Ich machte mich an diesen Morgen fertig, um außer Haus zu gehen, als mich meine Frau fragte, wo ich den hinwill, denn ich hätte doch heute frei. Nachdem ich ihr erzählt hatte, welche Nachricht mich eben erreicht hat, verstand meine Frau sofort, was ich nun tun wollte. Auf dem direkten Weg fuhr ich in den Stephansdom, um eine Kerze für meinen Freund anzuzünden. Dort angekommen, gelang es mir nur mit Mühe, ein Licht für ihn anzustecken. Meine Hände zitterten und die Tränen liefen.

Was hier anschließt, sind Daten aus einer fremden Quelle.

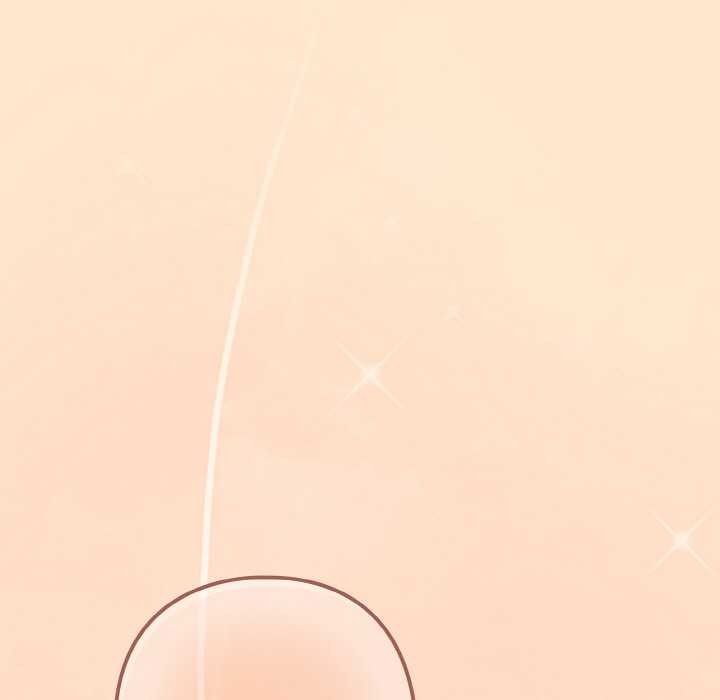 下班后的例行恋爱第82話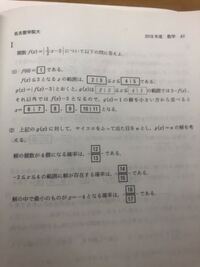 偏差値70ほどの東京の中高一貫に通っている新高１です 私は相当の甘っ Yahoo 知恵袋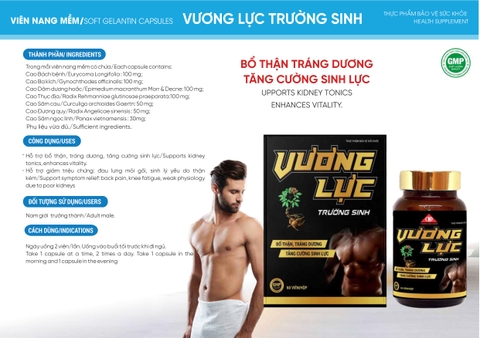 Vương Lực Trường Sinh hộp 30 viên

Die Erinnerungen an unsere gemeinsame Zeit, um einen der größten Männer seines Faches, ließen meine Trauer nur langsam verebben. Bis heute habe ich das beibehalten und habe jedes Jahr am 14. Oktober, am Sterbetag von Leonhard Bernstein, einen Termin in der Stephanskirche.
Inzwischen überwiegen natürlich bisweilen meine Erinnerungen an diese schöne Zeit mit „meinem Gast“ die Tränen.
Lenny, ich werde dich NIE vergessen und nochmals DANKE, dass ich Dich kennen lernen durfte.